The oral biofilm remover of the first invention is preferably blended into the oral composition. In this case, in the oral composition of the first invention, the compounding amount of the component (A) is preferably 0.3 to 5% (mass%, hereinafter the same) of the entire composition, more preferably 0.5 to 5.0%. The larger the blending amount, the better the biofilm removal effect, and if it is 0.3% or more, a sufficient biofilm removal effect can be provided. Further, it is possible to impart good foaming properties. If it is less than 5%, the bitter taste does not become strong, so it is preferable for use.

In addition, in the composition for oral cavity of the first invention, the amount of the component (B-1) is preferably 0.1 to 5%, more preferably 0.2 to 5%, and still more preferably 0.3 to 5% of the total composition. The biofilm removal effect improves as the blending amount of the component (B-1) increases, but it is preferably 5% or less in order to suppress bitter taste and impart good foam generation to obtain a desirable product for use.

The oral biofilm remover of the II invention is preferably blended into the oral composition, and contains (A) α-olefin sulfonate and (B) an amphoteric surfactant (B-2) as a component, and more preferably (C ) A quaternary ammonium salt is contained, and more preferably (D) xylitol and/or erythritol is contained. Particularly, a toothpaste composition containing a component (A), a component (B-2), more preferably a component (C), or a component (A), a component (B-2), more preferably a component (D) If it is a mouthwash composition containing the oral biofilm removal effect is further improved.

In the composition for oral cavity of the second invention, the amount of the component (A) is preferably 0.1 to 3% of the total composition.

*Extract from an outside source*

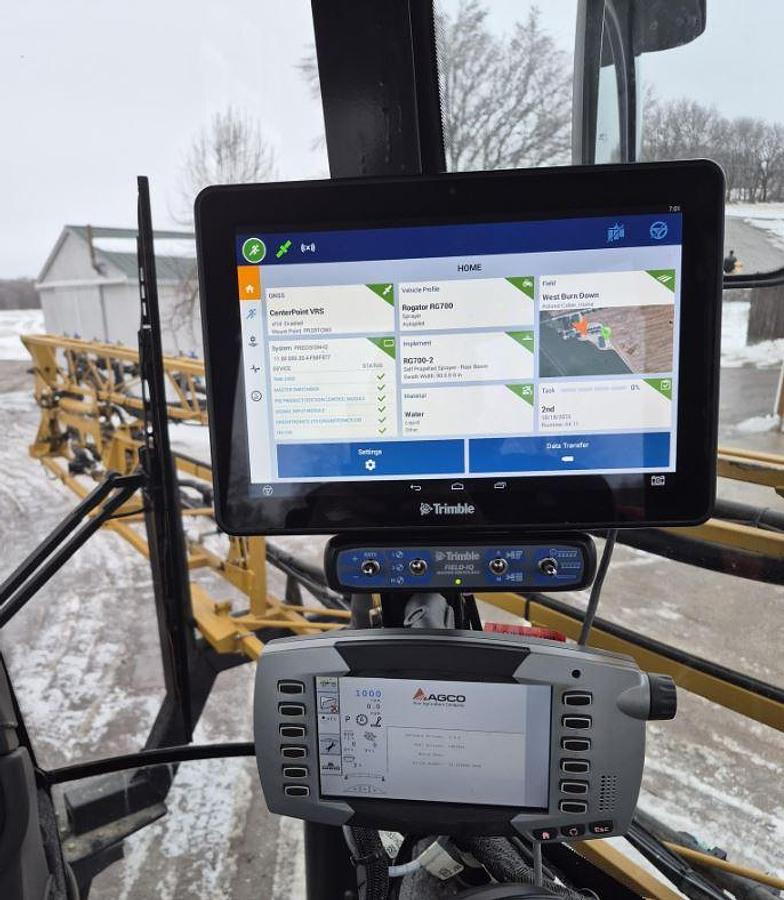 Used 2013 Rogator Rg700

In this case, in particular, in the toothpaste composition, it is preferable to blend the component (A) by 0.3 to 3%, particularly 0.5 to 2.5%. In addition, in the oral rinse composition, it is preferable to blend (A) component 0.1 to 3%, particularly 0.1 to 2.5%, and particularly 0.1 to 1%. The greater the blending amount, the better the biofilm removal effect, and if it is 0.1% or more, a sufficient biofilm removal effect can be provided. Further, it is possible to impart good foaming properties. If it is less than 3%, the bitter taste does not become strong, so it is preferable for use.

In addition, in the composition for oral cavity of the second invention, the blending amount of the component (B-2) is preferably 0.05 to 5%, particularly preferably 0.1 to 5%, more preferably 0.3 to 5%, further preferably 0.5 to 3%. (B-2) The greater the blending amount of the component, the better the biofilm removal effect is, and the better foaming is imparted, but in order not to produce bitter taste, 5% or less is preferable.

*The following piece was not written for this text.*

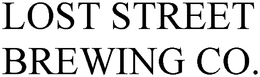 LOST STREET BREWING CO. trademark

(C) In the case of blending a quaternary ammonium salt, particularly in the toothpaste composition according to the second invention, the blending amount is preferably 0.003 to 0.05% of the total composition, and more preferably 0.005 to 0.01%. The higher the blending amount, the higher the biofilm removal effect. In order not to cause mucosal irritation of the quaternary ammonium salt, it is preferably 0.05% or less.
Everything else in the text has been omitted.